- _Data extracts_
^^^^^^^^^^^^^^^^
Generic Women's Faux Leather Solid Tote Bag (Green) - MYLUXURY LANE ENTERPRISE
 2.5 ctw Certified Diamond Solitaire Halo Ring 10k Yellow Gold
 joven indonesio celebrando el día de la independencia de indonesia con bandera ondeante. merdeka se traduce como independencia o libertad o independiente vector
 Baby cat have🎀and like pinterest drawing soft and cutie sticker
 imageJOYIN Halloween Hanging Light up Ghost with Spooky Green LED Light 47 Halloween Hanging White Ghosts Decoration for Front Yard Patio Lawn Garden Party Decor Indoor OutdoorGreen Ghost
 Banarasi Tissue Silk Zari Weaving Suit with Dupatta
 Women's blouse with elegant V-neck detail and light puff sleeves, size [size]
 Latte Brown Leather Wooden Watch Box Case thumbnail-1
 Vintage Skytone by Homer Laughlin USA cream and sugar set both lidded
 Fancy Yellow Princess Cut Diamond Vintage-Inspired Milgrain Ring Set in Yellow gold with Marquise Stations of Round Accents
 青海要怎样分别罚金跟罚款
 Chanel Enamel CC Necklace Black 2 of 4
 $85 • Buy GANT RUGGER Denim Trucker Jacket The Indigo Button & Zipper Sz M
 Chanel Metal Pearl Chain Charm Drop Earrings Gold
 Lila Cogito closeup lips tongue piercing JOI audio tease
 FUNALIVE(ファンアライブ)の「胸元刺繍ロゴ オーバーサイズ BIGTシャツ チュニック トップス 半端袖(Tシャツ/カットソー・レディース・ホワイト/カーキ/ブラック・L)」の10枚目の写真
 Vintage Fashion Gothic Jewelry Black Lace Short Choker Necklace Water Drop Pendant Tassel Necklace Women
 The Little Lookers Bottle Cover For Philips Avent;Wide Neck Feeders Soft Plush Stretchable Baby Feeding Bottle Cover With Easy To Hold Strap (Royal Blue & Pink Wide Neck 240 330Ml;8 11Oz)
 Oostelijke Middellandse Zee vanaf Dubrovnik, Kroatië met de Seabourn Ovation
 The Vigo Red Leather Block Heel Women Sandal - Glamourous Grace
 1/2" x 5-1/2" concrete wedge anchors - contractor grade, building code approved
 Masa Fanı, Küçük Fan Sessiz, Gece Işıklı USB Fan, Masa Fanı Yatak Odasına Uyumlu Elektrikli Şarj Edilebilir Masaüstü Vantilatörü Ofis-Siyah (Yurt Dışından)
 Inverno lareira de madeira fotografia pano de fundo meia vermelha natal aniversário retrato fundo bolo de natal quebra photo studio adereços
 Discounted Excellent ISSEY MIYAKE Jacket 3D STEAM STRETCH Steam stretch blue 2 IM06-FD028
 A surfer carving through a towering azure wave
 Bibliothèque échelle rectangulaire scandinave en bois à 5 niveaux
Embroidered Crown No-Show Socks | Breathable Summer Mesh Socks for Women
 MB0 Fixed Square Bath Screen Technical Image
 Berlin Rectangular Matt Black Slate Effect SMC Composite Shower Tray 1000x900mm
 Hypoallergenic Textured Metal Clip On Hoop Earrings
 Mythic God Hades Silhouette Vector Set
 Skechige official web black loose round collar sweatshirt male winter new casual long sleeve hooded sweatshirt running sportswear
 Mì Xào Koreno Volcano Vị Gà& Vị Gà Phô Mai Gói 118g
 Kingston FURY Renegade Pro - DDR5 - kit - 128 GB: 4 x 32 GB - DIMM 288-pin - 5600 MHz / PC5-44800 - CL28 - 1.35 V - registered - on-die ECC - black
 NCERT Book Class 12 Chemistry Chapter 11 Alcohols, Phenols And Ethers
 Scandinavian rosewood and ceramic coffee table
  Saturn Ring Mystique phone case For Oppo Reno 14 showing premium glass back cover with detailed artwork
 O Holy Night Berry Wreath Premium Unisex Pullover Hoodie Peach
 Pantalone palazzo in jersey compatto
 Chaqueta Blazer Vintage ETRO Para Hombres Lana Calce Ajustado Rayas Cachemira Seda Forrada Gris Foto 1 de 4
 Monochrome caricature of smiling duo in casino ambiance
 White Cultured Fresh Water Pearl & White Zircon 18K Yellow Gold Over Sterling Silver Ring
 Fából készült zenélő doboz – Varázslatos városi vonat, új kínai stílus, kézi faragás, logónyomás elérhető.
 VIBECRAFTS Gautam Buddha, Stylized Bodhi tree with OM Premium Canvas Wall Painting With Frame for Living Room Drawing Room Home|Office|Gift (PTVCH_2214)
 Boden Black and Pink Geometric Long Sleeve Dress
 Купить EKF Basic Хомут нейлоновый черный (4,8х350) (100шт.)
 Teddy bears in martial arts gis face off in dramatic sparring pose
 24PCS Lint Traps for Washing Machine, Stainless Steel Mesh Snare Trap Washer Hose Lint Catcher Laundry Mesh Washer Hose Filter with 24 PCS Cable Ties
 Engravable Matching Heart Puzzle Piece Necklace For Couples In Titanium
^^^^^^^^^^^^^^^^
- _About this exercise_
Starting at the first line of the data above, please restate word for word every line up to and including the one that holds "2.5 ctw Certified", and add nothing else.

- _Task solution_
Generic Women's Faux Leather Solid Tote Bag (Green) - MYLUXURY LANE ENTERPRISE
 2.5 ctw Certified Diamond Solitaire Halo Ring 10k Yellow Gold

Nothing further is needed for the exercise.